It’s a sizzling, sweaty, late summer Texas day in not so mythical Greater Tuna; the third smallest town in Texas and a breeding school for bigotry and sobering as well as silly narrow-mindedness. Tuna is a town which applauds high school essays such as "Human Rights - Why Bother" and where "Roots" is banned for “only showing one side of the slavery issue.”
Written in 1984 and masterfully presented at Missouri Street Theater, “Greater Tuna” balances biting satire and comedic wit with at times almost respectful affection. The audience feasts on a Tuna casserole comprised of the lives of twenty of Greater Tunas’ citizens-all played by only two male actors.
The play starts out with the hysterical morning broadcast of Thurston and Arles on Tunas’ own Radio Station, OKKK, with its measly 275 watts. In Tuna, it’s OK to have a radio station trumpeting the Ku Klux Klan and whose trifling wattage amply illuminates the dim thinking of townsfolk. Through a cavalcade of hilarious and pathetic characters, we embrace small town scurrilous scandals, fumbling foibles and sincere but pathetic self styled dramas. It’s a town where the Tasty Freeze tootsies, Inida Goodwin and Helen Bedd, schlep haute cuisine just across from the Piggly Wiggly
During two acts and twelve scenes with dizzying costume changes, we pop in for breakfast, watch a hilarious interview for “Intellect” magazine, (a periodical that will never grace Tunas’ libraries), sit agog at the insane doings of a strychnine slinging canine killer whose plans go awry and cruise by the overpass and bemoan how hobos under the bridge are making it so there is nowhere fit to throw your garbage. We are then enjoined to pick up a cheap used weapon sure to kill something, uncover a funny yet evil act of revenge and commiserate with a perpetually rejected portly teenage cheerleader wannabee. We even take a serious moment for sincere prayer.
Under the true-to-script clever direction of David Lagle, a seasoned Screen Actors Guild and Actors Equity Association member, we watch precision crafted characterizations by wiry, plastic faced James Brewer and the ‘oh so comfortable in my own skin’, portly Yogi Bearish Richard Ryan crystallize and project the essence of twenty Tuna townsfolk. We are schooled in the mindset of a book burner, a juvenile delinquent, a cliché spouting reverend, a pathetic lovable leader of the humane society, a jilted ex lover of a newly deceased hanging Judge found dead in a Dale Evans Swimsuit and a Mogen-David wine sucking fiddler who swears he sees UFOs shaped like chalupah. These are not cardboard characters as Brewer and Ryan craft townsfolk with depth and aching hearts born of ignorance and easy unwise decisions.
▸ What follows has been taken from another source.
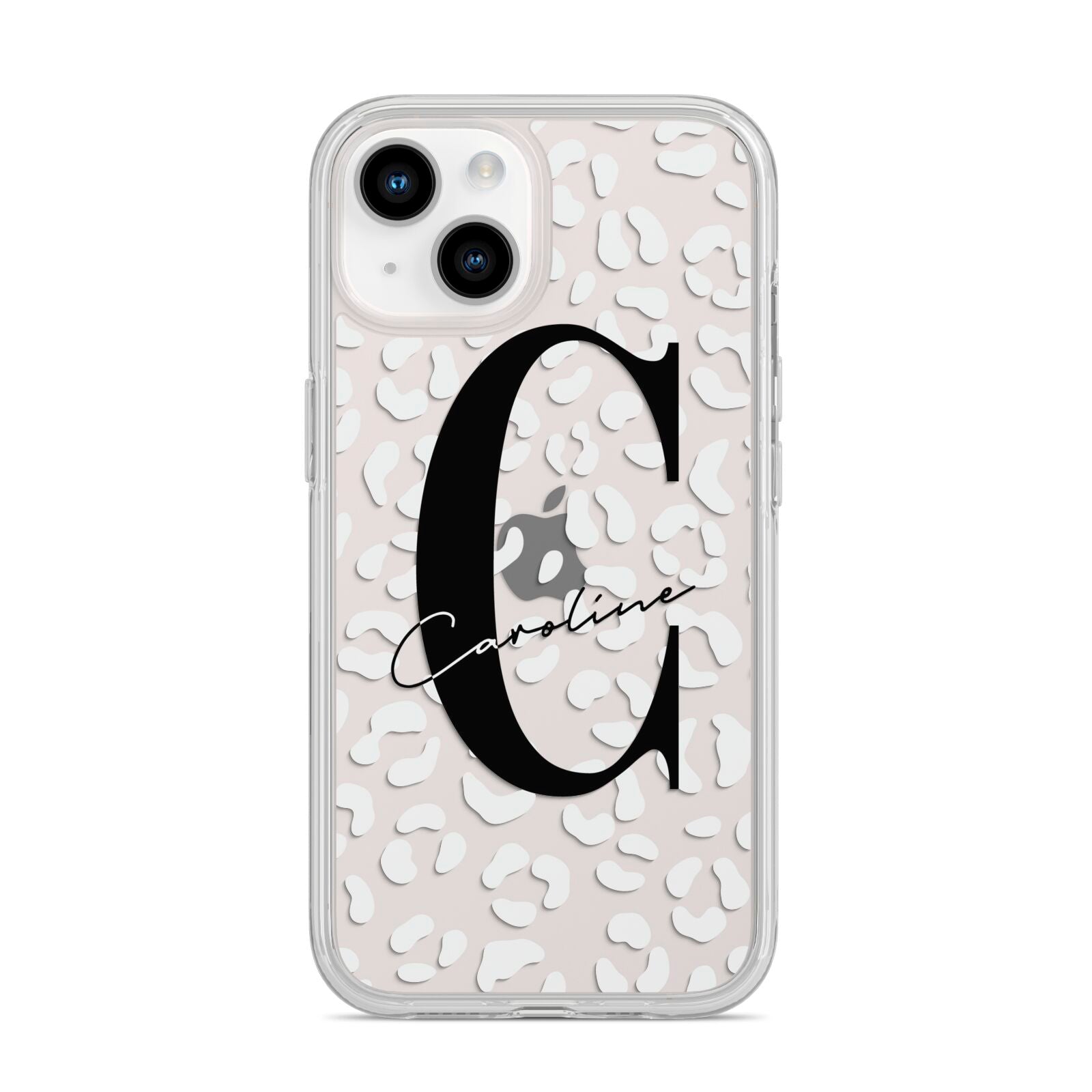 Personalised Leopard Print Clear iPhone 14 Clear Tough Case Starlight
Set, sound and lighting are simple, convincingly well executed and do not distract from the key focus of how Tuna headed minds, or lack thereof, work. Costumes and props by Sylvia Gregory, especially considering the split second changes, are on target hitting the character and the funny bone equally well.
Greater Tuna is a community theatre staple. However, it is more. It is a window to small mindedness complete with pursed lipped, vigilante smut snatchers and swaggering self impressed pseudo sheriffs. Trust me, when you encounter the evil fish eye of Vera Carp, the Tuna patron of piety and prejudice and chief smut snatcher, well, it’ll drop you dead in your tracks.
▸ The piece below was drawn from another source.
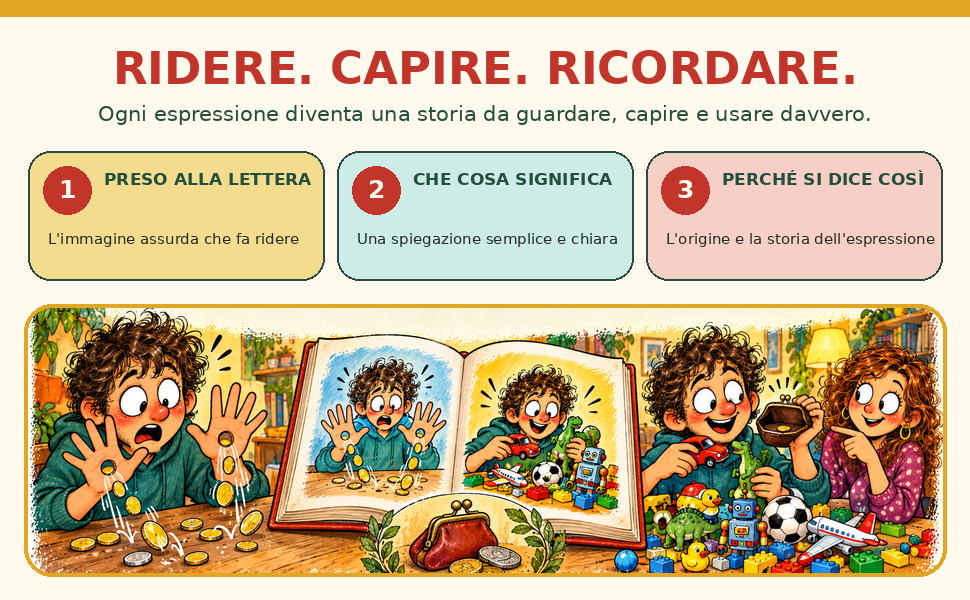 Schema illustrato del libro: prendere alla lettera il modo di dire, capirne il significato e scoprire perché si dice così.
Community theatre can improve communities in many ways. “Greater Tuna” is no exception. Solano Repertory Company Artistic Director Barbara Norris and her colleagues might consider facilitating a brief educational post show discussion for selected shows. It’s a wise and clever technique to use caricatures and humor to point out the foibles and flaws to which we all can fall prey. Furthermore, the many costumes and character changes in “Greater Tuna” remind us that small mindedness and bigotry is always in our wardrobe. Only the cut of the cape, the drape of the fabric or the length of the hem change, while the fundamental ensemble of bigotry and fruits of poor education remain unaltered.
Inarguably funny and entertaining, “Greater Tuna” is at times more of a Great White shark, brandishing razor sharp teeth in jaws of ignorance with single-minded purpose. I urge readers to bring the family and put some of the timeless lessons amicably showcased in this production into heads and hearts.
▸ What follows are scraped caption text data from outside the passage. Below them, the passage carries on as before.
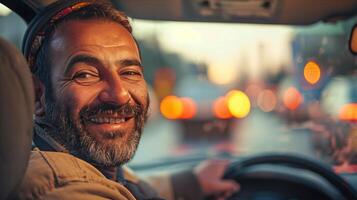 A man smiles while driving a car photo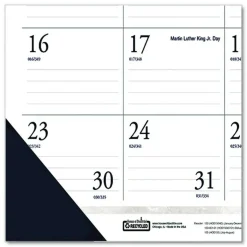 House of Doolittle 24 in. x 19 in. 12-Month (Jan to Dec) 2026 Executive Monthly Desk Pad Calendar - White/Blue Sheets/Blue Corners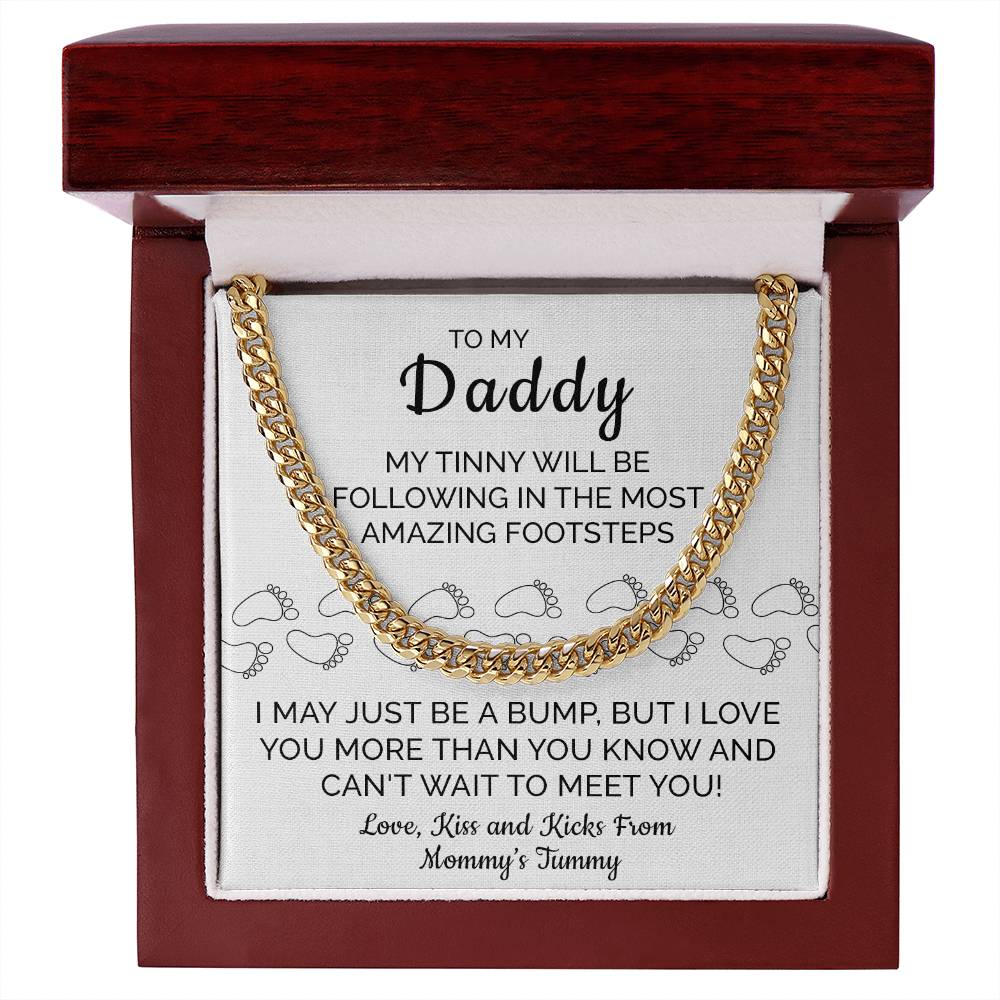 Dad Necklace Gift From Baby Bump With Lovely Message Card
The power and promise of satire and wit lay in their ability, through over the top characterizations and exaggerations, to identify truths we can not deny while using humor to prod us to accept the lessons they can teach. That’s the genius of “Greater Tuna”. That’s the value when the “Greater Tuna” ‘school’ is in Fairfield until Oct 21 at Missouri Street Theater and Oct 27-Nov 18th at Benicia Old Town Theater.